*WHAT YOU WILL DO*: Using the entries that follow, transcribe only the lines from the line with "An Elderly Disabled" to the line with "Stratejik takım molasında", both included, exactly as they stand and without pictures.

*PROVIDED DATA*:
.....

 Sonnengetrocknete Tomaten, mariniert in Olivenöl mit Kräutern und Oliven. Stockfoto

.....

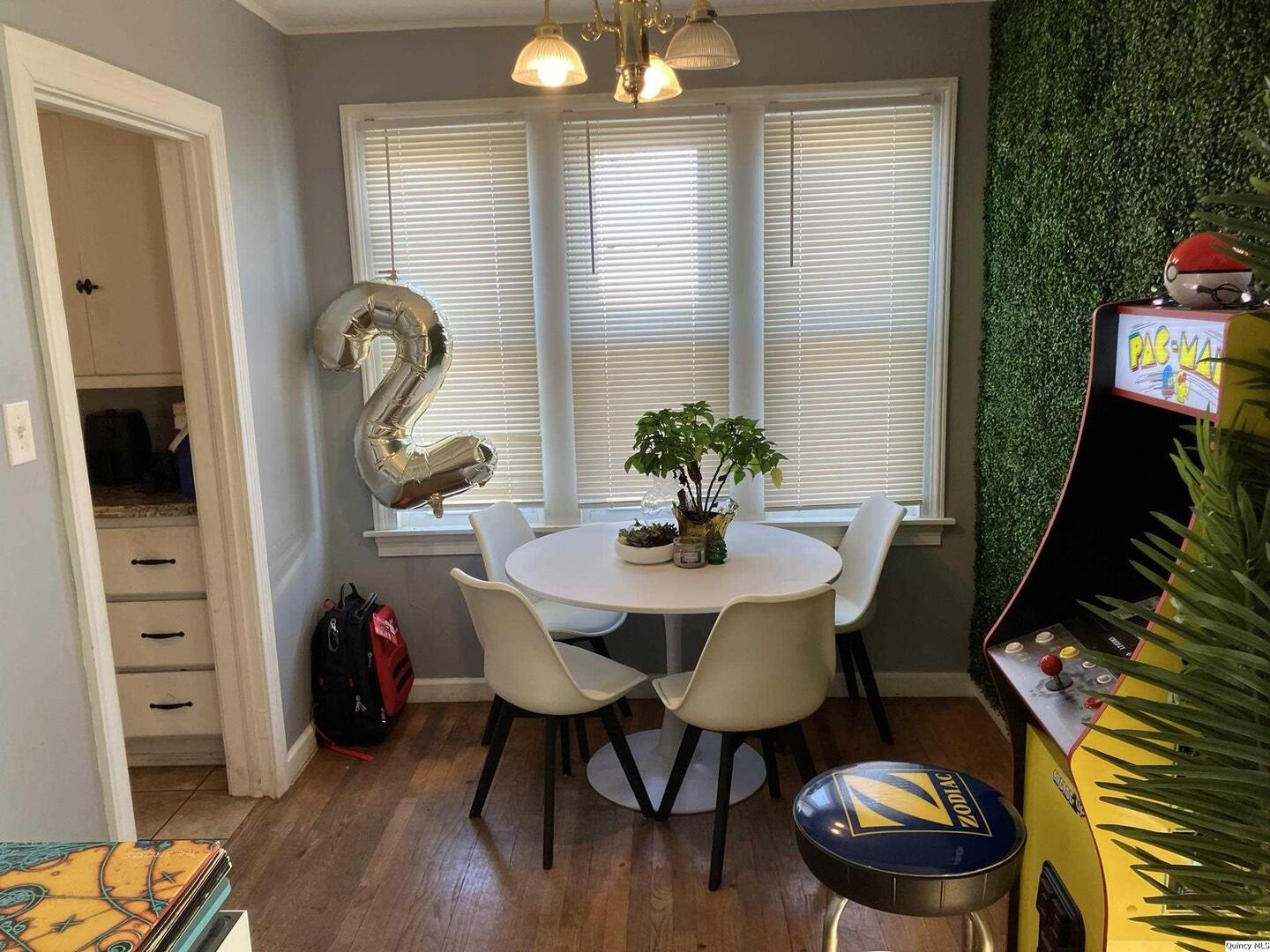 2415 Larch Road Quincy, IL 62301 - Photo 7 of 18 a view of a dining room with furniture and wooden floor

.....

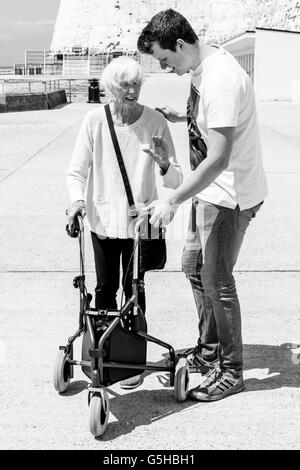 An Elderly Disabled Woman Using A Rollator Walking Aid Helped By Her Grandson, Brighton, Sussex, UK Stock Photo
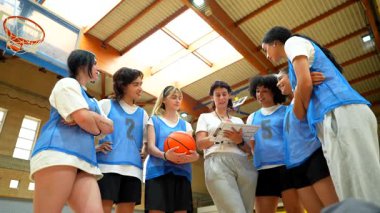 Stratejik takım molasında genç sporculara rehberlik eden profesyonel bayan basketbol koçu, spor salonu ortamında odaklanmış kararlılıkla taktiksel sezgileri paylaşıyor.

.....

*YOUR RESPONSE*:
 An Elderly Disabled Woman Using A Rollator Walking Aid Helped By Her Grandson, Brighton, Sussex, UK Stock Photo
 Stratejik takım molasında genç sporculara rehberlik eden profesyonel bayan basketbol koçu, spor salonu ortamında odaklanmış kararlılıkla taktiksel sezgileri paylaşıyor.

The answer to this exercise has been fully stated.